The number of visitors to your business website increased at a rate of 60% per day, going from 30 per day to 30,000 per day. How many days did it take to go from 30 to 30,000 visitors per day?
30,000(1+0.6)
but I need to solve for t that's where I get lost.
30(1.6)^n = 30000
1.6^n = 1000
n log 1.6 = log 1000
n = log1000/log1.6 = 14.7
15
To solve for the number of days it took for the number of visitors to increase from 30 to 30,000, we can set up an equation.
Let's say t represents the number of days it took. On the first day, the number of visitors is 30, and after t days, the number of visitors is 30,000.
We can use the formula for compound interest or exponential growth: A = P(1 + r)^t, where A is the final amount, P is the initial amount, r is the growth rate, and t is the number of time periods.
In this case, we have:
A = 30,000 (final amount)
P = 30 (initial amount)
r = 0.6 (growth rate)
t = unknown (the number of days we are trying to find)

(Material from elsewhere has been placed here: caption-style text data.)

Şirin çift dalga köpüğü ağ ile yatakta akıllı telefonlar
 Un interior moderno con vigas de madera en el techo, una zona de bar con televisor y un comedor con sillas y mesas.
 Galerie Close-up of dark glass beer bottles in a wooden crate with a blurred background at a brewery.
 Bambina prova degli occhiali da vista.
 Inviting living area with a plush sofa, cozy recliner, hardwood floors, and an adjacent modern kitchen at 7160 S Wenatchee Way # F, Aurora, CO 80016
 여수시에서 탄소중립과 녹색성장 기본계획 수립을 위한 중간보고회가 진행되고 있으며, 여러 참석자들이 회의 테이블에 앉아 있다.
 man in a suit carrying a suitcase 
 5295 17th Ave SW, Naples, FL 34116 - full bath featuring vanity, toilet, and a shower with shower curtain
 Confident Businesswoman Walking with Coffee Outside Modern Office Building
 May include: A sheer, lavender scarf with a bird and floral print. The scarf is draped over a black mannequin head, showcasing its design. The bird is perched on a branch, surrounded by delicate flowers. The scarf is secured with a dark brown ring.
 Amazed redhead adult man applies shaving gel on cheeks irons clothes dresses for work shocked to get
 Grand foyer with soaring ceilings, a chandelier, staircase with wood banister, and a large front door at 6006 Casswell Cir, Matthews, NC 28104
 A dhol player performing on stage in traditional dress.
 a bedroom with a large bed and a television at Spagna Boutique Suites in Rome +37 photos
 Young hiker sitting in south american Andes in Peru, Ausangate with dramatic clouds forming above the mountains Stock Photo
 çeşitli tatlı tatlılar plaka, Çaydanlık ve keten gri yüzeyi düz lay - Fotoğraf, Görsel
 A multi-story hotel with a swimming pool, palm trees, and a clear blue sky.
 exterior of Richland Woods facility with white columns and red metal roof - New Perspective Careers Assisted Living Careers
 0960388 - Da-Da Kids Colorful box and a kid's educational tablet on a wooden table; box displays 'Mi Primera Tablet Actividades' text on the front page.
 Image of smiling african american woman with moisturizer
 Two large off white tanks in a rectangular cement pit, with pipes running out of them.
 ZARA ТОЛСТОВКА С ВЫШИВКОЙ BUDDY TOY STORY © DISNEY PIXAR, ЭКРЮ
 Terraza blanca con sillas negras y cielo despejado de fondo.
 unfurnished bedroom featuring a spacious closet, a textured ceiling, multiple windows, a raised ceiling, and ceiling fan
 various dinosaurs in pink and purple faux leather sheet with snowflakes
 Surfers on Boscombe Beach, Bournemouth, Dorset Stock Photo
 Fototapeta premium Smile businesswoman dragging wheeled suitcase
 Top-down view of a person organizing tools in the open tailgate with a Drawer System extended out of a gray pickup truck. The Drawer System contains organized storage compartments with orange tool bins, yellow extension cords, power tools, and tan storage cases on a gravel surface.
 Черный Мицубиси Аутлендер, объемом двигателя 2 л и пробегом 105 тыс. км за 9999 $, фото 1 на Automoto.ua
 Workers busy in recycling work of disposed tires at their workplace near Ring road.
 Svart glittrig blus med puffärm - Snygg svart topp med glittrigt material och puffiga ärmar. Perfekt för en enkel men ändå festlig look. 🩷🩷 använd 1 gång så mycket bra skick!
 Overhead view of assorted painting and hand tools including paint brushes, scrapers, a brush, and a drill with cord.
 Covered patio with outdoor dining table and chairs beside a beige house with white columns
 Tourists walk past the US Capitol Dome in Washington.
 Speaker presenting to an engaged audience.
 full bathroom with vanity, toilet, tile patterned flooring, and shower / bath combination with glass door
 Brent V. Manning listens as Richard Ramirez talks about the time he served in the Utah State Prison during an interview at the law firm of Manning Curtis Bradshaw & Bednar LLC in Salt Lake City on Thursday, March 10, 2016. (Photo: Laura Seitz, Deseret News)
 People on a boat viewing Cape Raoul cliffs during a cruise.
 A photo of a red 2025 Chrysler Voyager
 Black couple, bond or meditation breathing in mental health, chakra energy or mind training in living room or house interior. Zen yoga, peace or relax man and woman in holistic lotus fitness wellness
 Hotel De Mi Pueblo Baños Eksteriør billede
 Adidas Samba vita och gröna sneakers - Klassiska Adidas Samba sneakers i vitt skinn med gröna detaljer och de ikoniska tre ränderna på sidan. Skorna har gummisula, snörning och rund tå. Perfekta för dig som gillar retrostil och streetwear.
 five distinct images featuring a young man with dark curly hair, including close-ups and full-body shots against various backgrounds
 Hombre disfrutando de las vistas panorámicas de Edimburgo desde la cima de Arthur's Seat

Substituting these values into the formula, we get:
30,000 = 30(1 + 0.6)^t
To solve for t, we need to isolate it on one side of the equation. Here are the steps to solve it:
1. Divide both sides by 30:
30,000 / 30 = (1 + 0.6)^t
2. Simplify:
1,000 = (1.6)^t
3. Take the logarithm of both sides. You can use logarithm base 10 (log) or natural logarithm base e (ln), depending on your preference or calculator:
log(1,000) = log((1.6)^t) or ln(1,000) = ln((1.6)^t)
4. Apply the logarithmic property to bring the exponent down:
log(1,000) = t * log(1.6) or ln(1,000) = t * ln(1.6)
5. Divide both sides by log(1.6) or ln(1.6):
t = log(1,000) / log(1.6) or t = ln(1,000) / ln(1.6)
Now, calculate either of those expressions to find the value of t.